È dal 2006 che si tentava di trovare un accordo per regolare il commercio internazionale di armi convenzionali (carri armati, veicolo corazzati da combattimento, sistemi di artiglieria di grosso calibro, aerei da combattimento, elicotteri d’attacco, navi da guerra e sottomarini, missili e missili lanciatori) e armi leggere e di piccolo calibro. Questi standard dovrebbero servire a vincolare gli stati a tracciare i movimenti di armi e munizioni, e a ridurre il rischio che le armi esportate finiscano nelle mani di gruppi ribelli e terroristi e che vengano usate per commettere violazioni dei diritti umani, o che confluiscano nel mercato del contrabbando di armi.

Esclusi dal trattato sia le armi da fuoco che non hanno un esclusivo uso militare e tutte le armi elettroniche, radar, satelliti ecc., sia i trasferimenti di armi all’interno di accordi governativi e programmi di assistenza e cooperazione militare.

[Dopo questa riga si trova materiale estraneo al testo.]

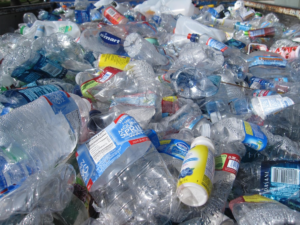 Plastic bottles in a landfill.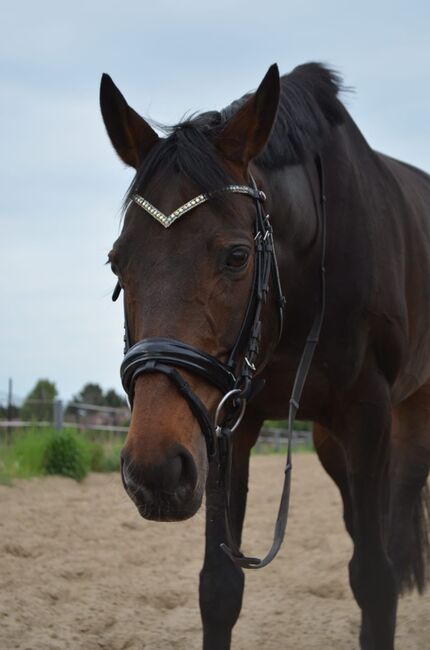 Freizeitpartner zum verlieben 🥰, Lena, Horses For Sale, Berlin 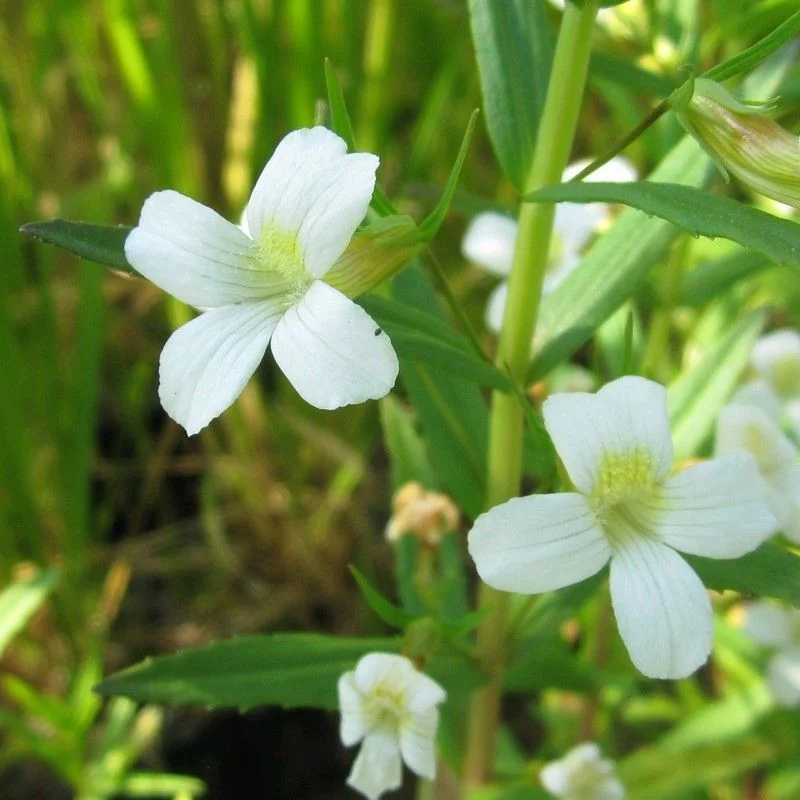 Anglo Aquatics Gratiola Officinalis 9cm 3 Pack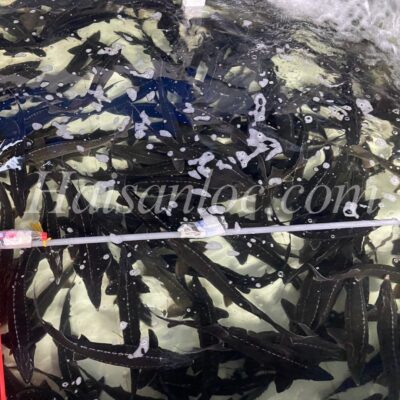 CÁ TẦM ĐÀ LẠT SỐNG – ĐẲNG CẤP THƯỢNG HẠNG CHO TIỆC LỄ 30/04 TẠI CẦN THƠ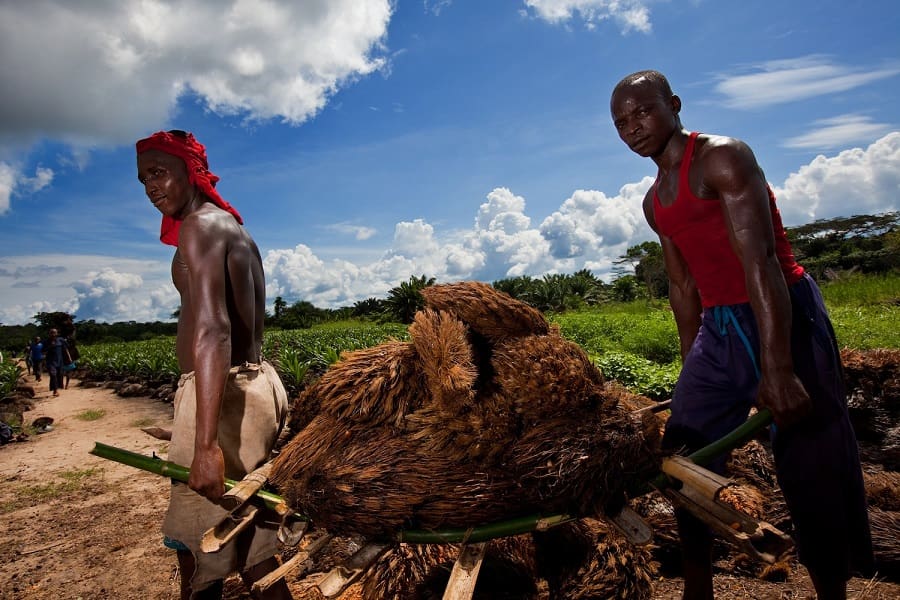 Agro colonialismo en el Congo, por Grain y RIAO – RDC*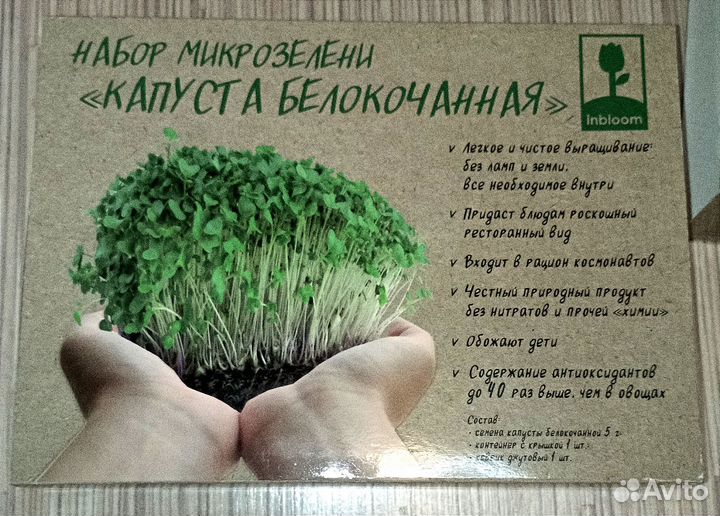 Inbloom Набор микрозелени Капуста б/к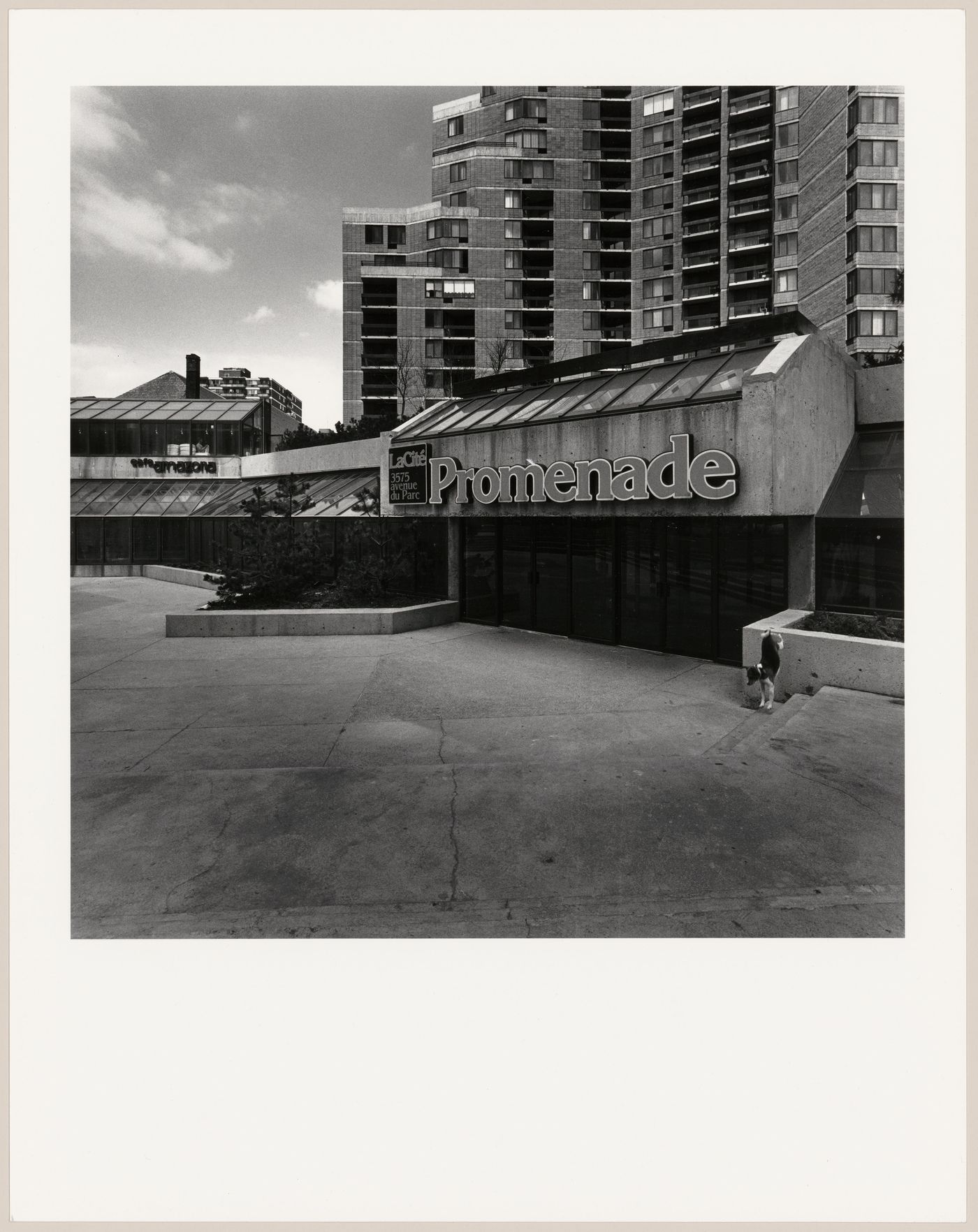 View of an entrance to the Promenade of La Cité, 3575 avenue du Park and rue Prince Arthur, Montréal, Québec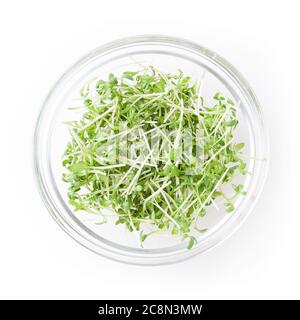 Micro verts cresson de jardin pousses dans un bol en verre isolé sur fond blanc avec un chemin de coupure Banque D'Images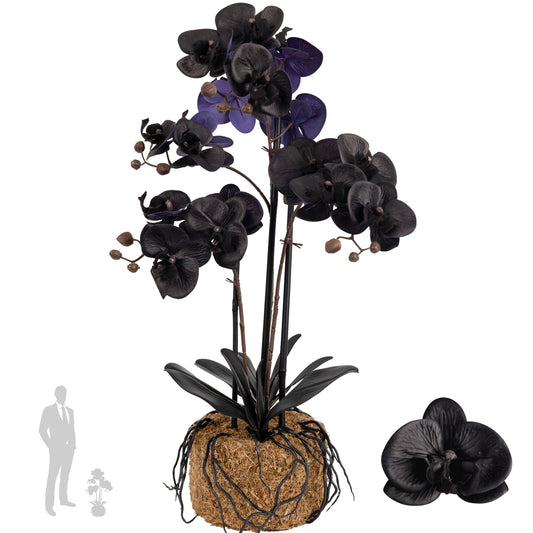Orhidee artificiala neagra cu aspect natural H61 cm cu 3 tulpini cu frunze negre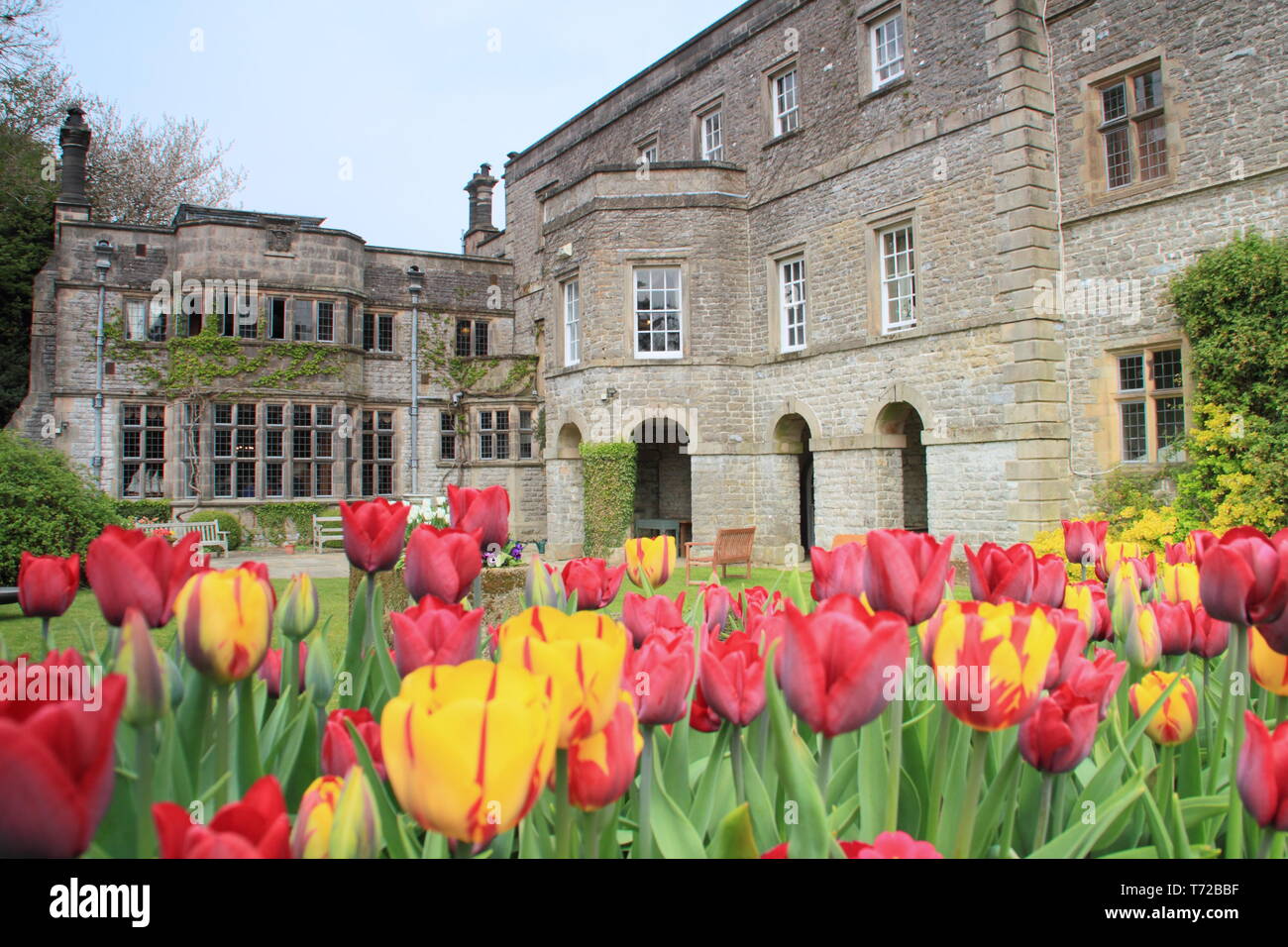 Tissington Halle Gärten im Frühling, in der Nähe von Ashbourne im Peak District National Park, Derbyshire, England, Großbritannien Stockfoto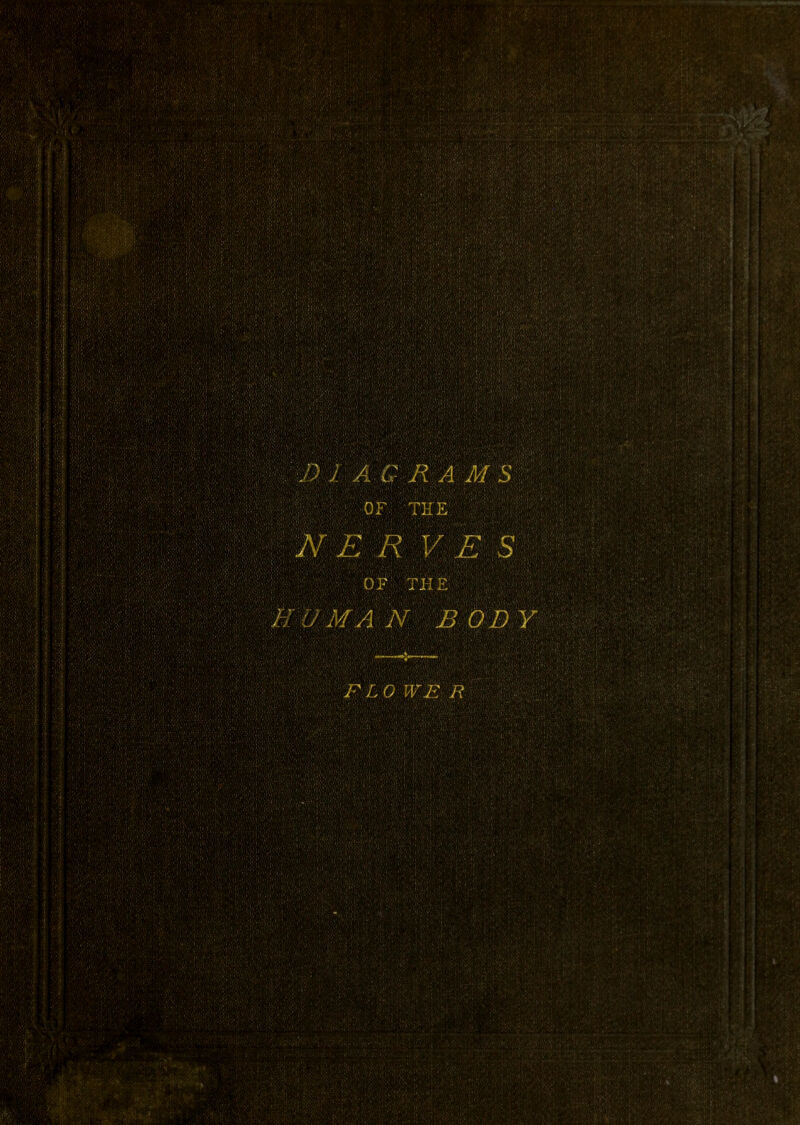 B l AG RAMS or THE N E R V E S .} ; ■ • ' i! • /;v’>• fyjY*}: r ')■••••' !.:,}• ' OF THE HUMAN. BODY FLO WE R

Un’esclusione che fa dire a Maurizio Simoncelli di Archivio Disarmo che «Nei fatti il trattato non introduce controlli adeguati, ma è un primo passo in avanti per un percorso tutto da tracciare. Infine, perché entri in vigore, occorre che almeno 50 stati provvedano a ratificare ed implementare nelle leggi nazionali quanto firmato».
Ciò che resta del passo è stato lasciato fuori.